▸ **SUPPLIED ENTRIES**:
- Opening Delimiter -
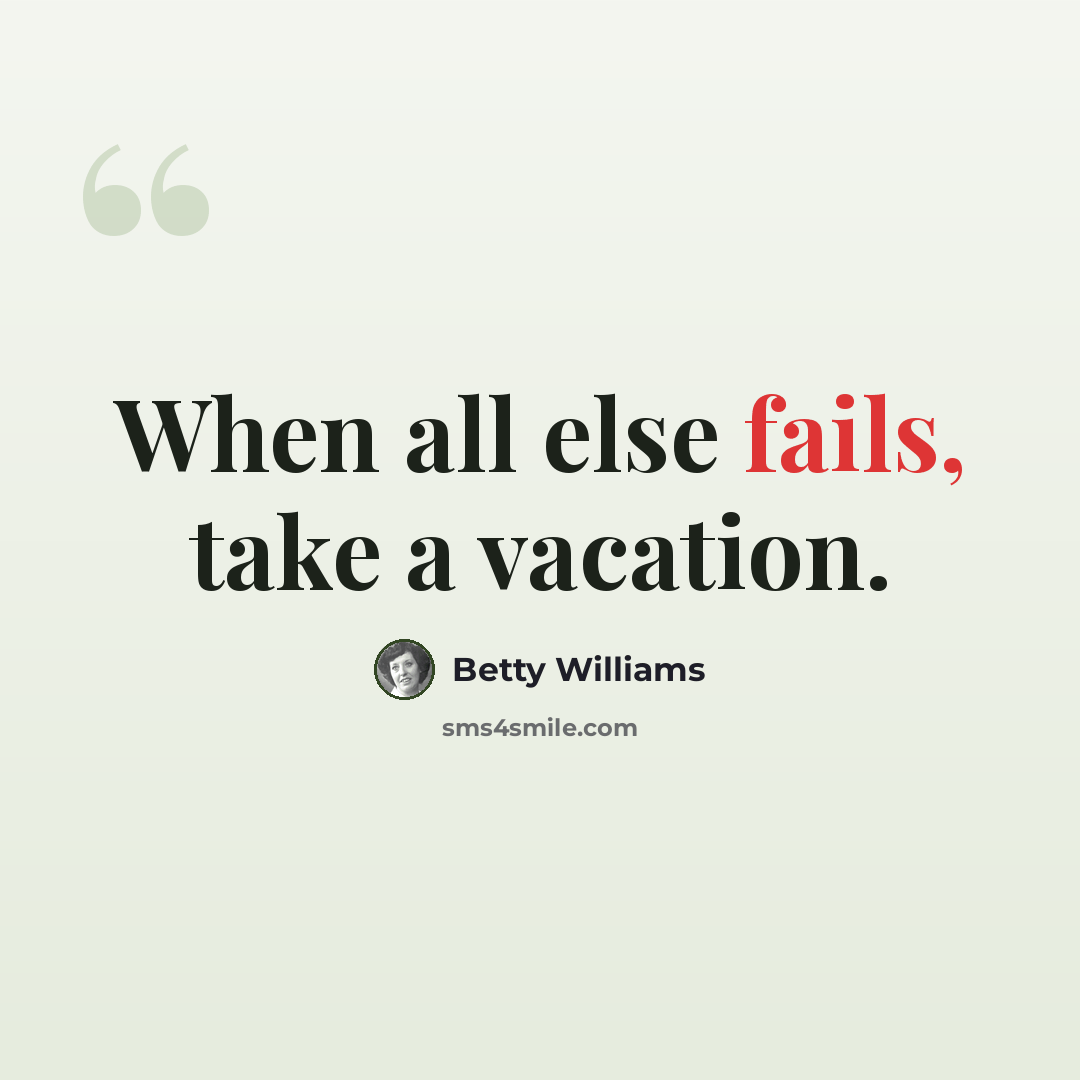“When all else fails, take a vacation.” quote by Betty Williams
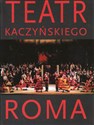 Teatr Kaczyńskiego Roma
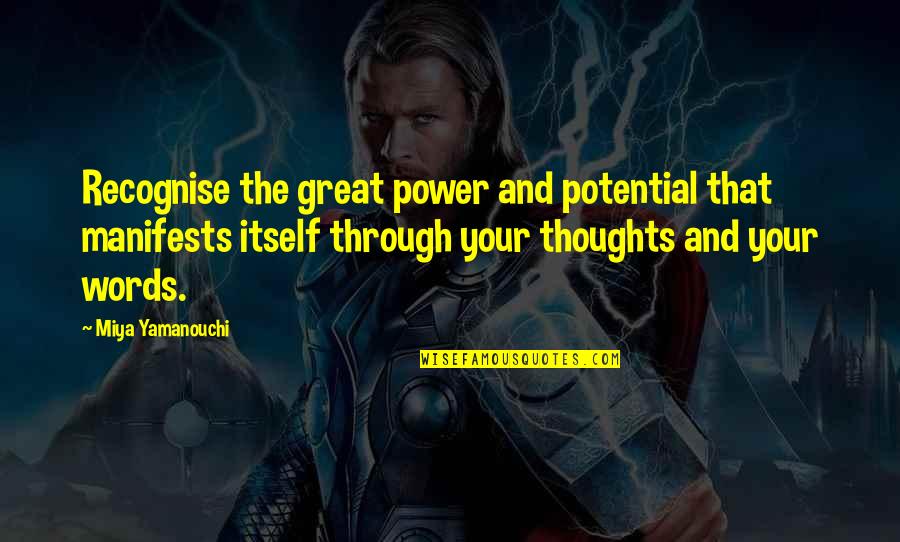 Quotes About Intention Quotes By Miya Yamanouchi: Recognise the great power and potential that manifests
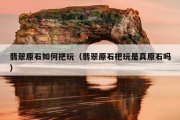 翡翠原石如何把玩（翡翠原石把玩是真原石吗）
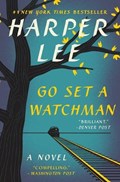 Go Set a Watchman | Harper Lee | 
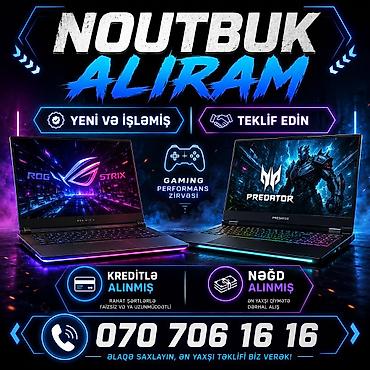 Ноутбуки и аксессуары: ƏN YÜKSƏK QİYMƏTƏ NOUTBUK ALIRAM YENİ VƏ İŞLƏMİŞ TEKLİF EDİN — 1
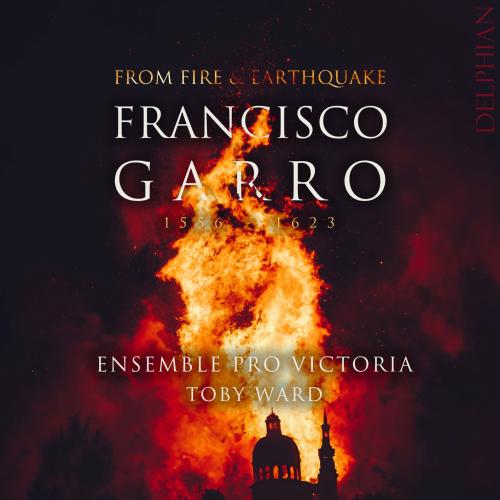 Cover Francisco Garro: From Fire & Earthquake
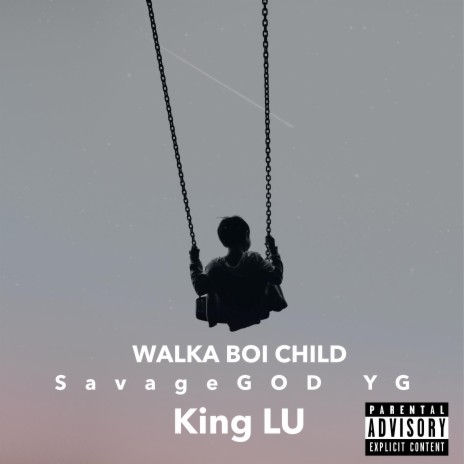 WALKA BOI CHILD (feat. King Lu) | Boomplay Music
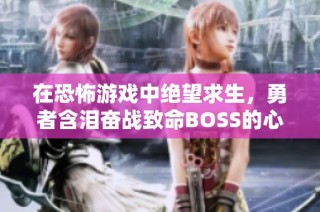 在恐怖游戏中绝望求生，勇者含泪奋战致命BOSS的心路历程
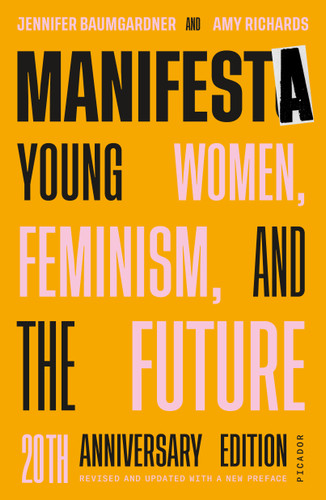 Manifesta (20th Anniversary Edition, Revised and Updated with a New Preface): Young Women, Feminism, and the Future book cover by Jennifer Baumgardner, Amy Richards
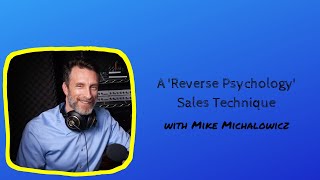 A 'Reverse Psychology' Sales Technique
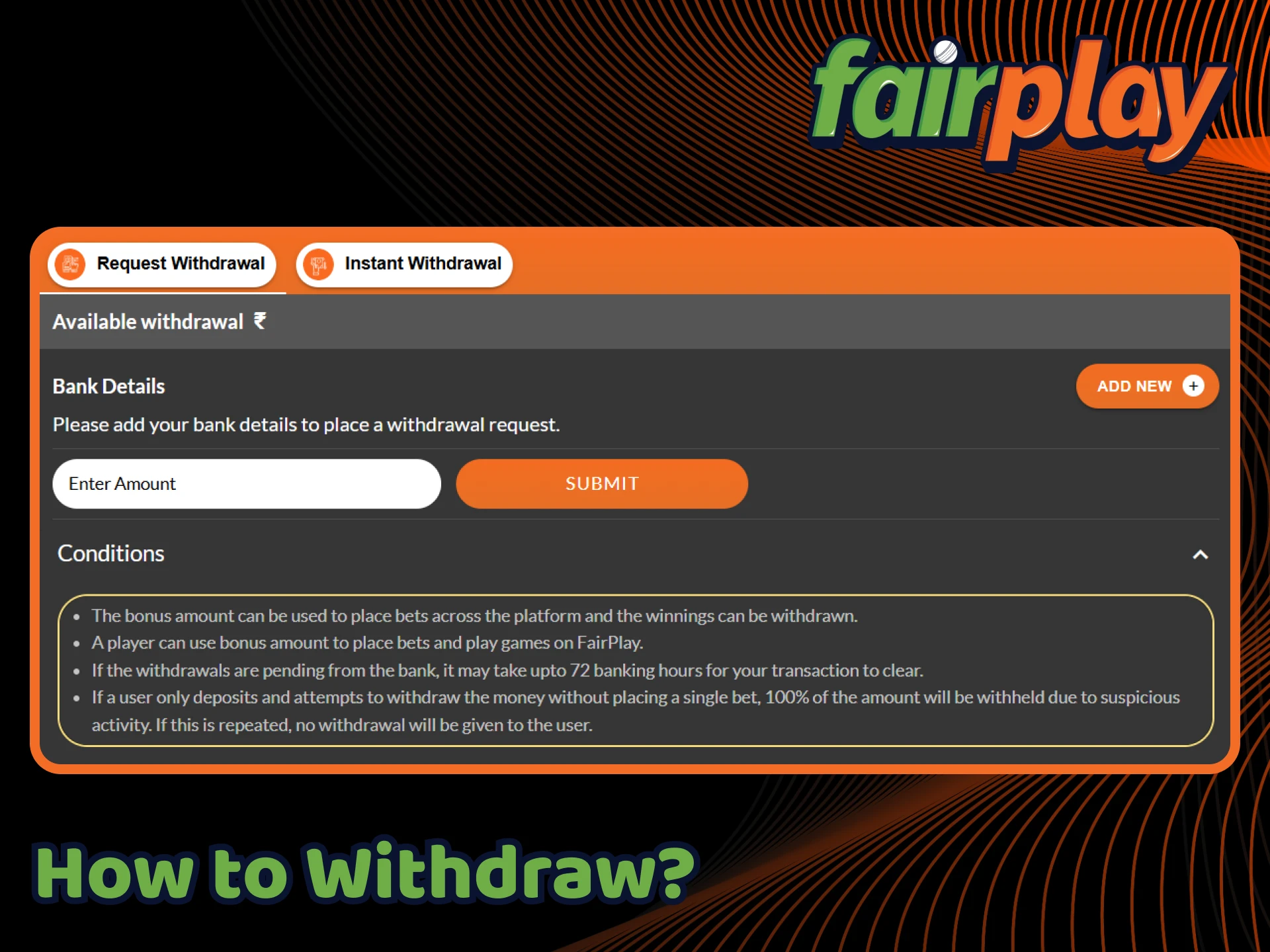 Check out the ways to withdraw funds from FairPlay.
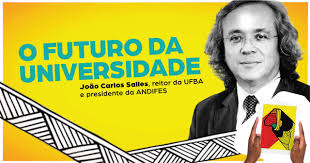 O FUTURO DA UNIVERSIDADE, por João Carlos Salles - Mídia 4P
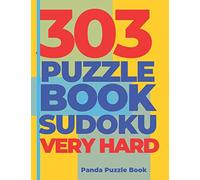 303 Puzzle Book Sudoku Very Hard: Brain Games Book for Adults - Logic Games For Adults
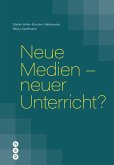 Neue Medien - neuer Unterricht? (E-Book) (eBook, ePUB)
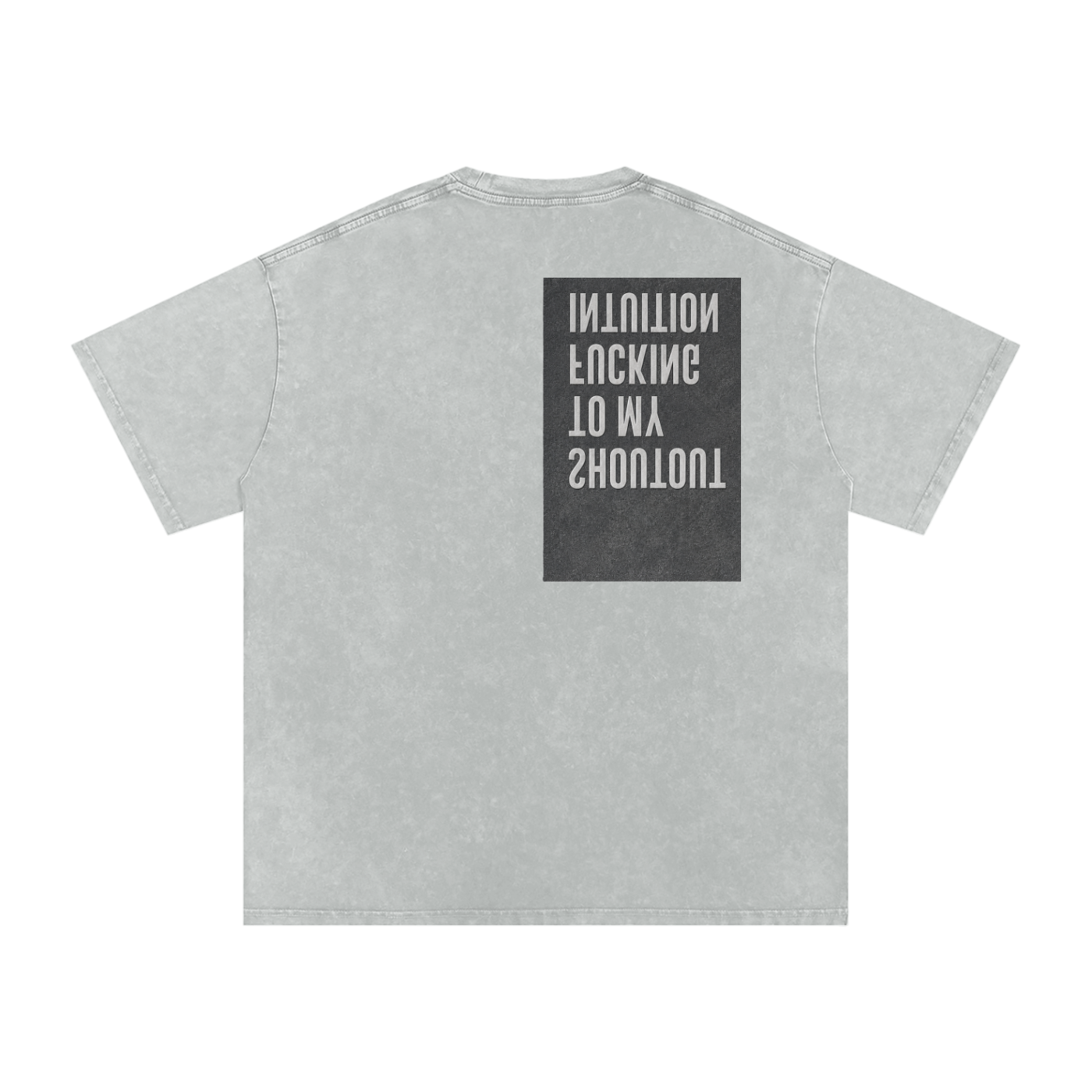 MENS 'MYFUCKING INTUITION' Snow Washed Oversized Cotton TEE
- Closing Delimiter -
▸ **WHAT IS EXPECTED**:
Pictures excluded, quote all the data above exactly.

▸ **WORKED SOLUTION**:
“When all else fails, take a vacation.” quote by Betty Williams
 Teatr Kaczyńskiego Roma
 Quotes About Intention Quotes By Miya Yamanouchi: Recognise the great power and potential that manifests
 翡翠原石如何把玩（翡翠原石把玩是真原石吗）
 Go Set a Watchman | Harper Lee | 
 Ноутбуки и аксессуары: ƏN YÜKSƏK QİYMƏTƏ NOUTBUK ALIRAM YENİ VƏ İŞLƏMİŞ TEKLİF EDİN — 1
 Cover Francisco Garro: From Fire & Earthquake
 WALKA BOI CHILD (feat. King Lu) | Boomplay Music
 在恐怖游戏中绝望求生，勇者含泪奋战致命BOSS的心路历程
 Manifesta (20th Anniversary Edition, Revised and Updated with a New Preface): Young Women, Feminism, and the Future book cover by Jennifer Baumgardner, Amy Richards
 A 'Reverse Psychology' Sales Technique
 Check out the ways to withdraw funds from FairPlay.
 O FUTURO DA UNIVERSIDADE, por João Carlos Salles - Mídia 4P
 303 Puzzle Book Sudoku Very Hard: Brain Games Book for Adults - Logic Games For Adults
 Neue Medien - neuer Unterricht? (E-Book) (eBook, ePUB)
 MENS 'MYFUCKING INTUITION' Snow Washed Oversized Cotton TEE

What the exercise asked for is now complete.